This week I returned to Saguaro National Park to rephotographed one of the cooler looking saguaro I had photographed last month. Here's a select from this recent shoot. I nearly always publish color images, but after looking at the color image on my home computer I thought the white flower and the cool lines of the saguaro ribs might have more punch if I converted it to Black and White in Photoshop.
But I am in a quandary here because I didn't originally shoot this image in Black and White and when I shot the image I was intent on a shooting a color image. So the question I ask myself is shouldn't this image remain in the original color?
I've often written and promoted the idea that in wildlife, landscape and news photography the photos should be kept as true to the original moment as possible. This means no excessive photoshop or editing to remove items other than dust from the photo. This concept is really just for images whose intention is to depict a real scene. Of course for creative sake an image can be manipulated to the extreme if the intention is to create an art work. I guess that's the threshold I crossed when converting this color image to Black and White. What do you think, did the Black and White alteration I made change the original intent of this photo? My answer is probably not by much, but it is a very different photo from the original.
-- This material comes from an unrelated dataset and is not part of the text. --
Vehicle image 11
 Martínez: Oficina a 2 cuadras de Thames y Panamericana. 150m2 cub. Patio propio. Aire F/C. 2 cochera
That got me to thinking that most news photographers publishing black and white images are usually shooting in color with digital cameras then converting the image to Black and White for publication. This is the case with many landscape and wildlife photographers as well. The reason many still produce images in Black and White is not only a style choice, but the fact that a photo in Black and White will often depict a subject with more power and emotion than a color image. Is this kind of radical alteration to a color image true to the moment? It is if the intent when the photo was shot was to make a B&W image. The difference between what I did in altering my saguaro photo and what the B&W publishing photojournalist and wildlife photographer is doing, is their original intention is seeing the final photo as Black and White.